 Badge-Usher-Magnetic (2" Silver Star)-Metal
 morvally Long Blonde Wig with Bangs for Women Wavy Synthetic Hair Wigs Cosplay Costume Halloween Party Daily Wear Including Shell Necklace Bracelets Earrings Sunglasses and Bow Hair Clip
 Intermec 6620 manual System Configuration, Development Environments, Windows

.....

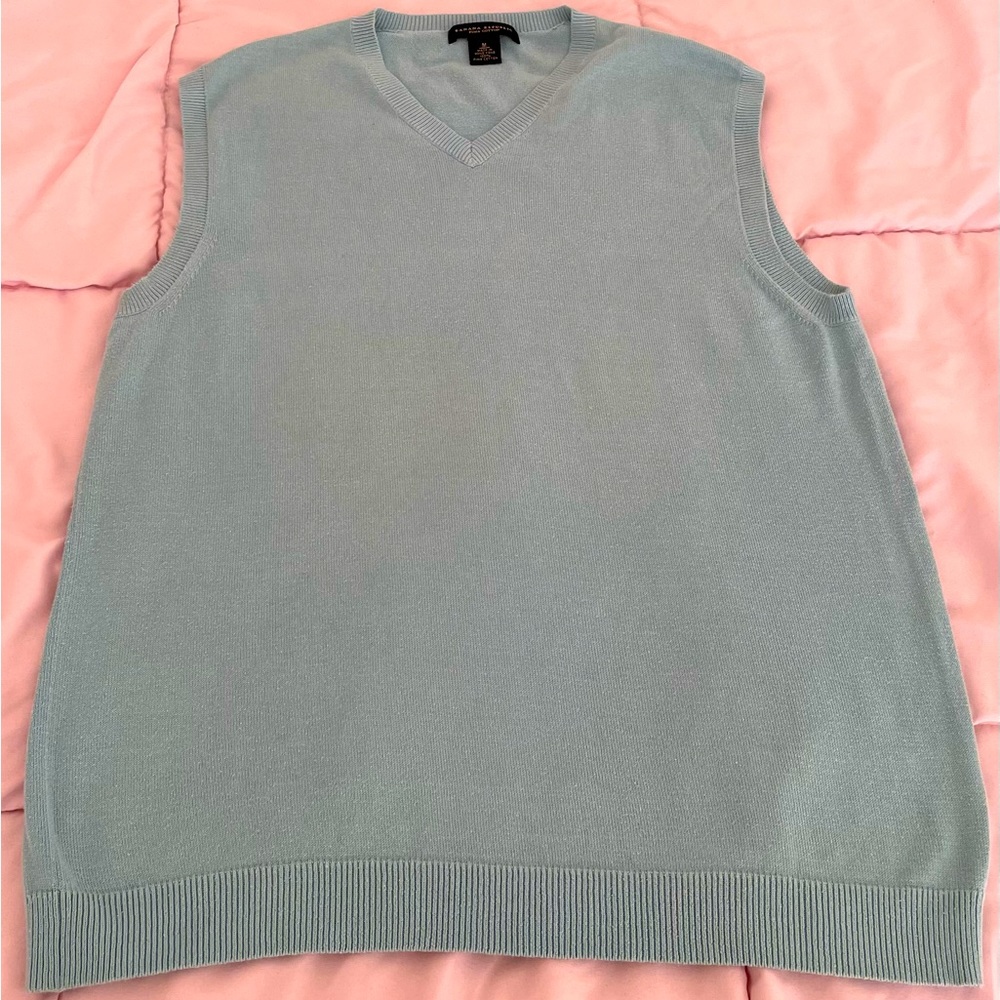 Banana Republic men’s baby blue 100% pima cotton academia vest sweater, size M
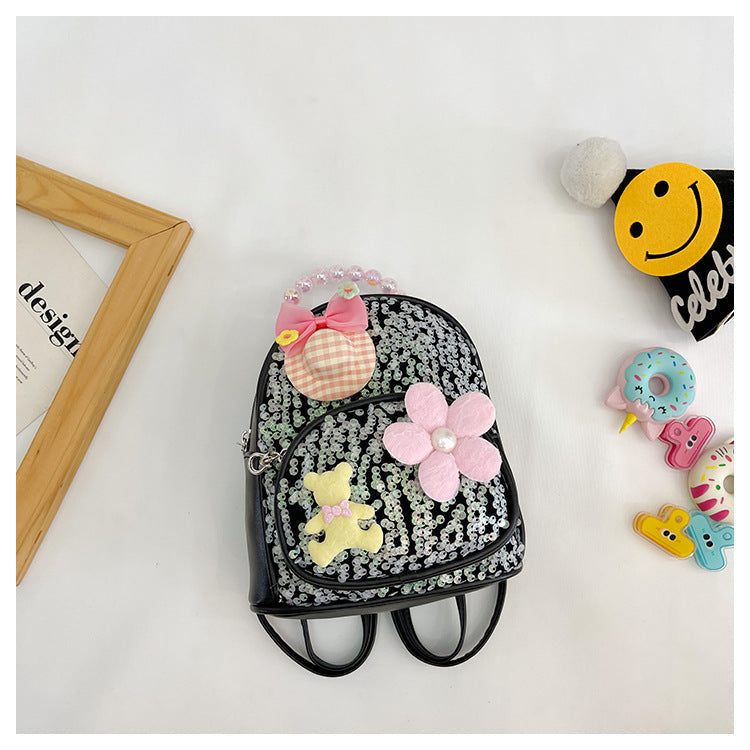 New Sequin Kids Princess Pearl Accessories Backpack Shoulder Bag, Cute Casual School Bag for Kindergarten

.....

→ **Assigned task**
Please reproduce, exactly as they appear above, the lines from the line containing "morvally Long Blonde" up to and including the line containing "Intermec 6620 manual".

→ **Problem solution**
 morvally Long Blonde Wig with Bangs for Women Wavy Synthetic Hair Wigs Cosplay Costume Halloween Party Daily Wear Including Shell Necklace Bracelets Earrings Sunglasses and Bow Hair Clip
 Intermec 6620 manual System Configuration, Development Environments, Windows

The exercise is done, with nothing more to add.